It would appear that Puma hasn’t wholly and entirely grasped the complexity of Veblen Goods as yet. Which is odd, as the entire brand, the company, is built upon the idea itself. The thing that makes it all work, the essence, the nub, is that a Veblen Good is made to be displayed in front of others. That’s the function. Something that, by definition, is worn or used in the comfort of one’s own home, alone, isn’t really going to work all that well.
Thus these video shoes, well:
Puma has released an £80 pair of shoes specifically designed for wearing while playing video games.
The company’s “active gaming footwear” look like high-tech, space-age ankle socks. Puma promises they will deliver “seamless comfort, support and grip so gamers can adapt to different active gaming modes and game their best.”
The idea of wearing special shoes to sit on your sofa and play video games may seem ridiculous, but Matt Shaw, team head of digital marketing and gaming for Puma, said there was a market for athlete-designed clothing.
“Obviously, Puma’s heritage is as a sports brand, but it’s patently obvious to us that our consumer makes very little distinction between athletes in stick-and-ball sports and esports athletes,” he said, earlier this year.
To start from the beginning – a Veblen Good is something which shows off social status. Given that humans are social status seeking beings these work very well with our species. It’s also true that we rarely have just the one social status pyramid. Thus all sorts of things can indeed be that status displaying market. Prison tats, trousers with the crotch at knee level, a Bentley, the pure and clean Chelsea Tractor, an accent and so on and on. Even, these days, having the right (or rather left) view on the environment.
More specifically with the Veblen bit, these are things which are desirable because they are expensive and thus show off that economic version of social status. If you can afford this then you must, be definition, be rich enough to afford this.
The entire Puma/Adidas footwear offering is that you gain that status by wearing the stuff. They’re all made in the same factories that create the Primark £5 versions, largely to the same designs and from the same materials. It is the brand, the marker upon them, that is the Veblen.
Of course, to most of us it screams “twat” with more money than sense. But inside certain social structures having the right tick or whoosh on your trackies indicates status and thereby gets the babes.

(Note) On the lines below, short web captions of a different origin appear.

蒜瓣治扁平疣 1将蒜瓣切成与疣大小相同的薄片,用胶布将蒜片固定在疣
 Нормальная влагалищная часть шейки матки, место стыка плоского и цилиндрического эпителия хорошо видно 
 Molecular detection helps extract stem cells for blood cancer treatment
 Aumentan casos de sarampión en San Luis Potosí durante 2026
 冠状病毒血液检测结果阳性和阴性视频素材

But the important thing here is that all are a form of social display, something which rather assumes the display bit. Something which is worn in private to an audience of none doesn’t quite achieve this.
Still, perhaps it’s not all that silly a bet. For the bet being made is that some useful portion of consumers are too stupid to know this themselves. And given modern education systems who is to insist that that’s a losing proposition?